**About this exercise**. Go through the entries below and print, exactly, the lines starting at the one with "Louis Vuitton Monogram Fan Bag Brown view 7" and ending at the one with "Халва. Такая вкусная и полезная.", keeping both ends and no others.

**Stored data entries**.
((

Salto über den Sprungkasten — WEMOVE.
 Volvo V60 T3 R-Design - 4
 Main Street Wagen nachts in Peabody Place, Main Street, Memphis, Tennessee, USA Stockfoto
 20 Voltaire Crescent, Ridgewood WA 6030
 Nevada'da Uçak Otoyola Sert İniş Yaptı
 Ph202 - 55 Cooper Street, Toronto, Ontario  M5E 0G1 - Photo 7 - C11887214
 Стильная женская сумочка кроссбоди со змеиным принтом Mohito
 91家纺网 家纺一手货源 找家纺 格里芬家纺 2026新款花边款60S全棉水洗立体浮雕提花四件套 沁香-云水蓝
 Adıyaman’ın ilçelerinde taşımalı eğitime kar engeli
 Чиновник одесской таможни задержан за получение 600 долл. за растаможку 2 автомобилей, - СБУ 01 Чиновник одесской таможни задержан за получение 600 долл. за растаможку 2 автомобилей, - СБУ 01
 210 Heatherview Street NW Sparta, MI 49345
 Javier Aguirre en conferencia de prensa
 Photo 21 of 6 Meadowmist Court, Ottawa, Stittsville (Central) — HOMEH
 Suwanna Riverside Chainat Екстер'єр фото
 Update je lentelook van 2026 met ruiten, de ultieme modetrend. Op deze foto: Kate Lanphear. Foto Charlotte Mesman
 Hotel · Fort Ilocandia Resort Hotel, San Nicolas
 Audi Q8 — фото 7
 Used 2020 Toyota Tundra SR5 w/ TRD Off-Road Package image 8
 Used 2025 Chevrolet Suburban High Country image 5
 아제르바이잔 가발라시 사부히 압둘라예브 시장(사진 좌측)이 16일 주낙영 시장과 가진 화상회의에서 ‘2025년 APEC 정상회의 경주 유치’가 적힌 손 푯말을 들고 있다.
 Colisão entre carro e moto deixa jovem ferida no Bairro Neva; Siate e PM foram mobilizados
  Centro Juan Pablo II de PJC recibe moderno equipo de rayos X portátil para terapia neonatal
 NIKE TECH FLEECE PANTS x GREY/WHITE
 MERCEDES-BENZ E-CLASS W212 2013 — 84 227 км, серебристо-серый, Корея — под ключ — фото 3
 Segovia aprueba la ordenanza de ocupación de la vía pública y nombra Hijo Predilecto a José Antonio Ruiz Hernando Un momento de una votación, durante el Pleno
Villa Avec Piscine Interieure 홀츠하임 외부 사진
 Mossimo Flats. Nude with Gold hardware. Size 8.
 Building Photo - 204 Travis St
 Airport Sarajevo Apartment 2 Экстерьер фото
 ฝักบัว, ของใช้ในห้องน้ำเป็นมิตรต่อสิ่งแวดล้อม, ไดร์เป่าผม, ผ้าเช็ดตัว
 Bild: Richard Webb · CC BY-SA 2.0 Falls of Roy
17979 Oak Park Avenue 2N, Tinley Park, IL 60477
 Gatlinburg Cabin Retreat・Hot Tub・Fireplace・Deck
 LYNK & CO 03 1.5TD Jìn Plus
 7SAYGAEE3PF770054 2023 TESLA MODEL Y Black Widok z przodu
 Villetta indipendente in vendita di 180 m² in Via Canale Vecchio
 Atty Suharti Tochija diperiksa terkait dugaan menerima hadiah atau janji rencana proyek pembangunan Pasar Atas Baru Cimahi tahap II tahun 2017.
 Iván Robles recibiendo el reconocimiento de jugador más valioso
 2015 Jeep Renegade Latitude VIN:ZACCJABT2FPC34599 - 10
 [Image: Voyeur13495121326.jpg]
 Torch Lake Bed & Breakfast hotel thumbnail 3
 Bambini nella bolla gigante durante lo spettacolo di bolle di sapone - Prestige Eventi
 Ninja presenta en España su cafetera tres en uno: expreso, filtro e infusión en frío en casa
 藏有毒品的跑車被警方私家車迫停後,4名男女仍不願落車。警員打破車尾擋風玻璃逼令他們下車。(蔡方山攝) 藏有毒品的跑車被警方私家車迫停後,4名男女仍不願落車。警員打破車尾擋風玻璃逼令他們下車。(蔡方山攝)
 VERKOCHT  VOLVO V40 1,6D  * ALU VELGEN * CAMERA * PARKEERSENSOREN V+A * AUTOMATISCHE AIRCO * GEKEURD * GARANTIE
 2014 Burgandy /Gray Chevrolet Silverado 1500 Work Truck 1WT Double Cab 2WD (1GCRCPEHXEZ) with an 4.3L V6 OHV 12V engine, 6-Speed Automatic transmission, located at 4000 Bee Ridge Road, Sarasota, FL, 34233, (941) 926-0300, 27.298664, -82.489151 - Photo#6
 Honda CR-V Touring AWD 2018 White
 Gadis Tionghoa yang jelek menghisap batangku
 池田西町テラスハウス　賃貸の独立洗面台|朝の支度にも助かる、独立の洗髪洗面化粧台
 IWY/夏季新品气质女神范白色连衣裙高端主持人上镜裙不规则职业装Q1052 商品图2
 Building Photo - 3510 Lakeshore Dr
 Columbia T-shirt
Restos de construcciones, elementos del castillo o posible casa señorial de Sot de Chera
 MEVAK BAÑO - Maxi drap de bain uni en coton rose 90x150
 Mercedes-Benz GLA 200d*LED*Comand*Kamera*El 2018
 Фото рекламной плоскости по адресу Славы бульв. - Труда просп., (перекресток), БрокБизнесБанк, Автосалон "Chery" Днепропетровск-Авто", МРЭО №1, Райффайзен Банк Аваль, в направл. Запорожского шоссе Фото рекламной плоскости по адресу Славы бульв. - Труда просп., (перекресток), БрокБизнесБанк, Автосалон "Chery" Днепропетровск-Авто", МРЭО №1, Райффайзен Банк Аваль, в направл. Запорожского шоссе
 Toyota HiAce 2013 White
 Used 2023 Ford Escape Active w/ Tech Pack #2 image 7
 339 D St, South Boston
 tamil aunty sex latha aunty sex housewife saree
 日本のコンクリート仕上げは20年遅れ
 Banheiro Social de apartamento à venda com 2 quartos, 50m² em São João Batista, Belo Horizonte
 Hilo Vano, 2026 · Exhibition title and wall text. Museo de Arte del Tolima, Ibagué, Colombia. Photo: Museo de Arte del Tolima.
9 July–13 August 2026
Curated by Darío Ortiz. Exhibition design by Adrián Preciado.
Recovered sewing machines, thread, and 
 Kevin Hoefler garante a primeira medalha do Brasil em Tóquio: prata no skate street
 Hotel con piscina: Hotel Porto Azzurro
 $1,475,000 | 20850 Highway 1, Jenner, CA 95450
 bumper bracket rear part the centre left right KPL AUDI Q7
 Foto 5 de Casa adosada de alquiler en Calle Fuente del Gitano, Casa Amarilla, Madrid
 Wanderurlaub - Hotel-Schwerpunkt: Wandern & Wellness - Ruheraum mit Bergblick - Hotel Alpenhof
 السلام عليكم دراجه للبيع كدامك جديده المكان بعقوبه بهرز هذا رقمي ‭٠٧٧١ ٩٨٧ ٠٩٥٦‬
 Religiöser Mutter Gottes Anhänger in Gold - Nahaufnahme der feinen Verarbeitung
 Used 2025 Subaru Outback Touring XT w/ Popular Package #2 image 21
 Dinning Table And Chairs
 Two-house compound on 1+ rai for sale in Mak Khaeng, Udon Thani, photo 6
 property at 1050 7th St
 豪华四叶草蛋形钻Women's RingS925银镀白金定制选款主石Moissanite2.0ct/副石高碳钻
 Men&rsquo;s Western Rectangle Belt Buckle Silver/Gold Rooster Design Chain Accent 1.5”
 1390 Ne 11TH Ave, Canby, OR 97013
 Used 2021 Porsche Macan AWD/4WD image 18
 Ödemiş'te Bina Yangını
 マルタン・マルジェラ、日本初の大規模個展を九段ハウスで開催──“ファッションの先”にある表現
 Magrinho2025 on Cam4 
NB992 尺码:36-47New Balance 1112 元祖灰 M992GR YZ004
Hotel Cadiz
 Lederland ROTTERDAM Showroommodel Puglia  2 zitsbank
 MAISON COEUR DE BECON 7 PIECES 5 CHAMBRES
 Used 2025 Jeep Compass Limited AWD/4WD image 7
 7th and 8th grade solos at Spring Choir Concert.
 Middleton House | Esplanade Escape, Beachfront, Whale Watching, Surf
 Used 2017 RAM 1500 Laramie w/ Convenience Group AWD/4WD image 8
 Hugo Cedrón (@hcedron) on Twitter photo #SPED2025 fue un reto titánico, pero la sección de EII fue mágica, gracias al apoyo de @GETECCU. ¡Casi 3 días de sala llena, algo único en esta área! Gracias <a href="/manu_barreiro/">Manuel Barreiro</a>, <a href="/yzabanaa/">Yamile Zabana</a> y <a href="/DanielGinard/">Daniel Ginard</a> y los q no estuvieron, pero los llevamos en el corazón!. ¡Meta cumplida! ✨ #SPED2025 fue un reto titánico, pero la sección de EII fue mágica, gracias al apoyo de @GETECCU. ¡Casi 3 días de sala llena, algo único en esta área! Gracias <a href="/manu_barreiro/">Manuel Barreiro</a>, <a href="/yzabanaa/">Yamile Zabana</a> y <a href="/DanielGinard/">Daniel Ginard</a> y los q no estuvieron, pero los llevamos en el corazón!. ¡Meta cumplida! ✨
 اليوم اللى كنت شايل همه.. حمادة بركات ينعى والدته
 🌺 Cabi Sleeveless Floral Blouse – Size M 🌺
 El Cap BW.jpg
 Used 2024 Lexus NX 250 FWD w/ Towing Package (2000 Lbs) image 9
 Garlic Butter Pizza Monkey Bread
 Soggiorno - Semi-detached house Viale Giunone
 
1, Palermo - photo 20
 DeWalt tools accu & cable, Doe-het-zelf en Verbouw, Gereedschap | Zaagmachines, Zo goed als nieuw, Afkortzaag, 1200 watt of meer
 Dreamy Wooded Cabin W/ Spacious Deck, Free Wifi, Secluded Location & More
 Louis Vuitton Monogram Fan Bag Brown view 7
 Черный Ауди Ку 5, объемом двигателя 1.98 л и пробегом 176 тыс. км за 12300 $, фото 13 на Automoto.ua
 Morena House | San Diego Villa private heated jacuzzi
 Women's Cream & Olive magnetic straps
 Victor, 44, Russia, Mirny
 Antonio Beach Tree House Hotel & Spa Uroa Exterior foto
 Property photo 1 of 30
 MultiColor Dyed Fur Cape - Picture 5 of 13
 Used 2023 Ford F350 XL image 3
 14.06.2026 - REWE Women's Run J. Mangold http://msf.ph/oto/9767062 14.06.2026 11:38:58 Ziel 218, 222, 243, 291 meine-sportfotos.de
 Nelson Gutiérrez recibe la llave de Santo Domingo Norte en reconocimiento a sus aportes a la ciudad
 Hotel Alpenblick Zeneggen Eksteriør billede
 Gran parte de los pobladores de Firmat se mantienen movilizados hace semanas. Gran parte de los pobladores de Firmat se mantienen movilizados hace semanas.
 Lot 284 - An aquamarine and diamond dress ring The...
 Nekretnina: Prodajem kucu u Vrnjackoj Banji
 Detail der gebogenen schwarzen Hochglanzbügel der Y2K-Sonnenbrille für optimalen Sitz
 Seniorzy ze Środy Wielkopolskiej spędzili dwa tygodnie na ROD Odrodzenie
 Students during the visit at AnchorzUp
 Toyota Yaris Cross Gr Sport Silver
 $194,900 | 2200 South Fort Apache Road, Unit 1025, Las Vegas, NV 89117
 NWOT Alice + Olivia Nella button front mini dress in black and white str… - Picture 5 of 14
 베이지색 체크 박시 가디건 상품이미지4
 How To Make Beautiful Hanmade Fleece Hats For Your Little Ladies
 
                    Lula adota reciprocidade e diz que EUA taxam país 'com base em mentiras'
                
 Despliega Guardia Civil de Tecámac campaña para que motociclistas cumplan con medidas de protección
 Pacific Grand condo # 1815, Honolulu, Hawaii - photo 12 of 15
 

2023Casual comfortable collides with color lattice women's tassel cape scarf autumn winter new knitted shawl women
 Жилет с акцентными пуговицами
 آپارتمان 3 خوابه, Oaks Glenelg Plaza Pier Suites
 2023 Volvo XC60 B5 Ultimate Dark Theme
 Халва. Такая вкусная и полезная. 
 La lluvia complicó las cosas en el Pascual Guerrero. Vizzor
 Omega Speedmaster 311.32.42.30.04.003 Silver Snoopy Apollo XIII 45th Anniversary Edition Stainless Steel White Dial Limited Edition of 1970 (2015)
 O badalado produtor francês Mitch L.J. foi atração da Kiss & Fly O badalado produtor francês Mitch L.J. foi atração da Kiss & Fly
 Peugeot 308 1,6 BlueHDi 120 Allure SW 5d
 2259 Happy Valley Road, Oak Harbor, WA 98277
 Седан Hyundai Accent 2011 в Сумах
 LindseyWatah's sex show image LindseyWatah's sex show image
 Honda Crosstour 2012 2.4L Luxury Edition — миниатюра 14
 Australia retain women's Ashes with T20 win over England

))

**Result of the task**.
 Louis Vuitton Monogram Fan Bag Brown view 7
 Черный Ауди Ку 5, объемом двигателя 1.98 л и пробегом 176 тыс. км за 12300 $, фото 13 на Automoto.ua
 Morena House | San Diego Villa private heated jacuzzi
 Women's Cream & Olive magnetic straps
 Victor, 44, Russia, Mirny
 Antonio Beach Tree House Hotel & Spa Uroa Exterior foto
 Property photo 1 of 30
 MultiColor Dyed Fur Cape - Picture 5 of 13
 Used 2023 Ford F350 XL image 3
 14.06.2026 - REWE Women's Run J. Mangold http://msf.ph/oto/9767062 14.06.2026 11:38:58 Ziel 218, 222, 243, 291 meine-sportfotos.de
 Nelson Gutiérrez recibe la llave de Santo Domingo Norte en reconocimiento a sus aportes a la ciudad
 Hotel Alpenblick Zeneggen Eksteriør billede
 Gran parte de los pobladores de Firmat se mantienen movilizados hace semanas. Gran parte de los pobladores de Firmat se mantienen movilizados hace semanas.
 Lot 284 - An aquamarine and diamond dress ring The...
 Nekretnina: Prodajem kucu u Vrnjackoj Banji
 Detail der gebogenen schwarzen Hochglanzbügel der Y2K-Sonnenbrille für optimalen Sitz
 Seniorzy ze Środy Wielkopolskiej spędzili dwa tygodnie na ROD Odrodzenie
 Students during the visit at AnchorzUp
 Toyota Yaris Cross Gr Sport Silver
 $194,900 | 2200 South Fort Apache Road, Unit 1025, Las Vegas, NV 89117
 NWOT Alice + Olivia Nella button front mini dress in black and white str… - Picture 5 of 14
 베이지색 체크 박시 가디건 상품이미지4
 How To Make Beautiful Hanmade Fleece Hats For Your Little Ladies
 
                    Lula adota reciprocidade e diz que EUA taxam país 'com base em mentiras'
                
 Despliega Guardia Civil de Tecámac campaña para que motociclistas cumplan con medidas de protección
 Pacific Grand condo # 1815, Honolulu, Hawaii - photo 12 of 15
 

2023Casual comfortable collides with color lattice women's tassel cape scarf autumn winter new knitted shawl women
 Жилет с акцентными пуговицами
 آپارتمان 3 خوابه, Oaks Glenelg Plaza Pier Suites
 2023 Volvo XC60 B5 Ultimate Dark Theme
 Халва. Такая вкусная и полезная. 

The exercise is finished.